Your task: Images are to be excluded, and the rest of the data repeated exactly.

*** Task inputs ***

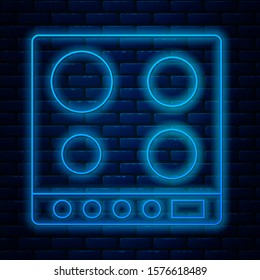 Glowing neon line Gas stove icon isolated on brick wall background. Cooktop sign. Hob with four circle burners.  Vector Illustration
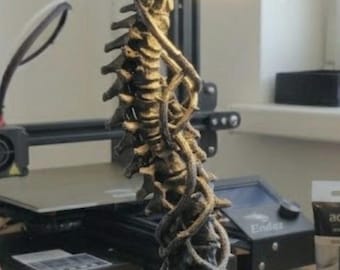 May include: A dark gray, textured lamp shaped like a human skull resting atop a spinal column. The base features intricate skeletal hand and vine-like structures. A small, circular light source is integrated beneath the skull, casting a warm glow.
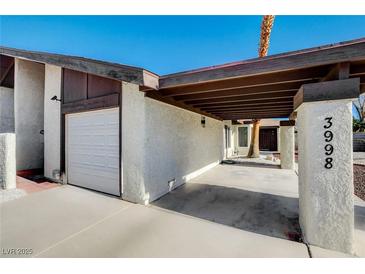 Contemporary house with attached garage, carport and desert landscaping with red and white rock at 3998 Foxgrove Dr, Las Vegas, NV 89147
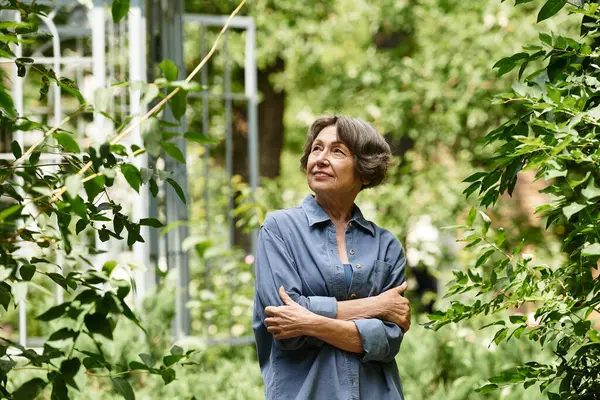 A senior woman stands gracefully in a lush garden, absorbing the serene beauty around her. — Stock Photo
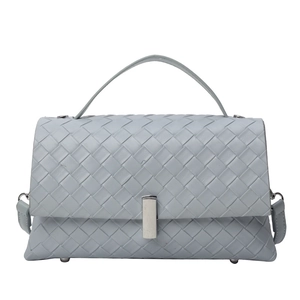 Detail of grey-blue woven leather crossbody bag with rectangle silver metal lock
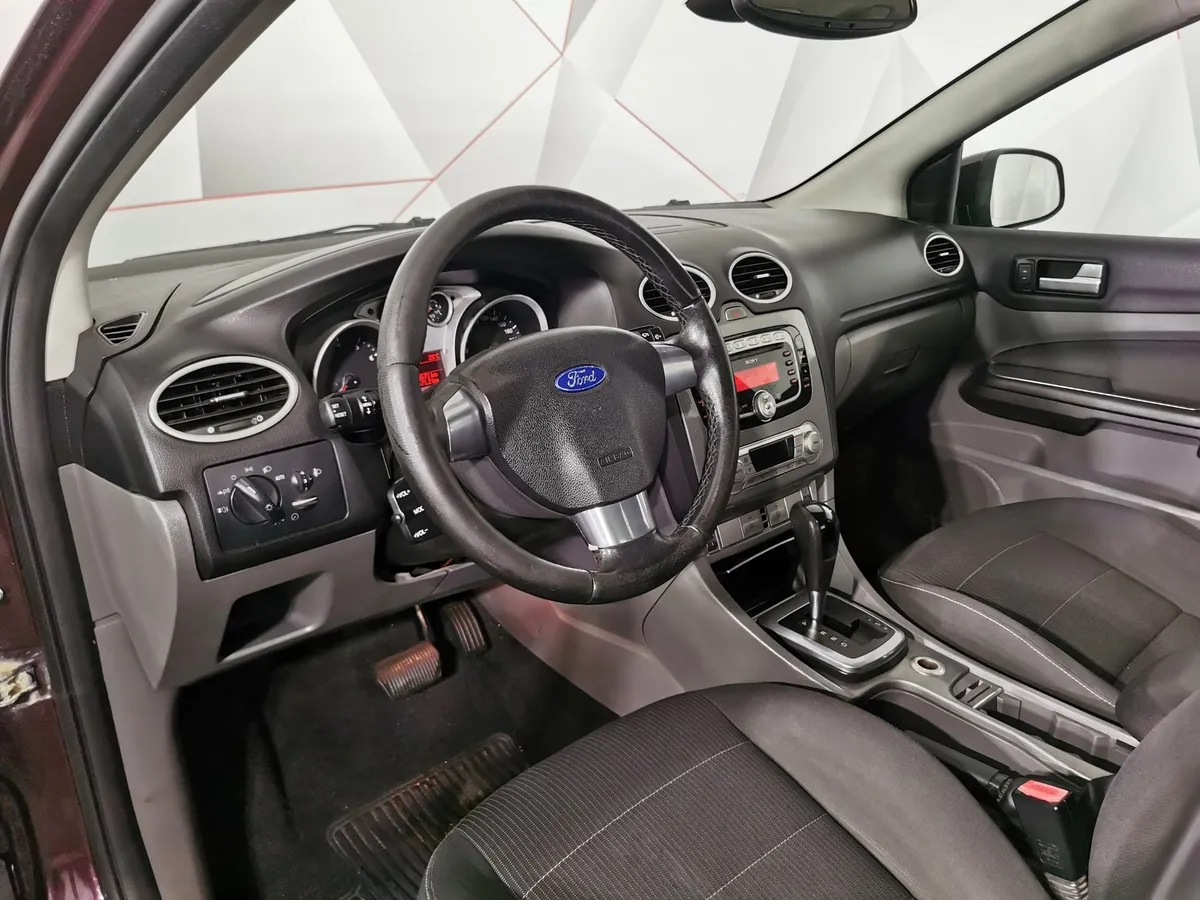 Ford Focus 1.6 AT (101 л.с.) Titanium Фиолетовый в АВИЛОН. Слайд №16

***

Your solution:
 Glowing neon line Gas stove icon isolated on brick wall background. Cooktop sign. Hob with four circle burners.  Vector Illustration
 May include: A dark gray, textured lamp shaped like a human skull resting atop a spinal column. The base features intricate skeletal hand and vine-like structures. A small, circular light source is integrated beneath the skull, casting a warm glow.
 Contemporary house with attached garage, carport and desert landscaping with red and white rock at 3998 Foxgrove Dr, Las Vegas, NV 89147
 A senior woman stands gracefully in a lush garden, absorbing the serene beauty around her. — Stock Photo
 Detail of grey-blue woven leather crossbody bag with rectangle silver metal lock
 Ford Focus 1.6 AT (101 л.с.) Titanium Фиолетовый в АВИЛОН. Слайд №16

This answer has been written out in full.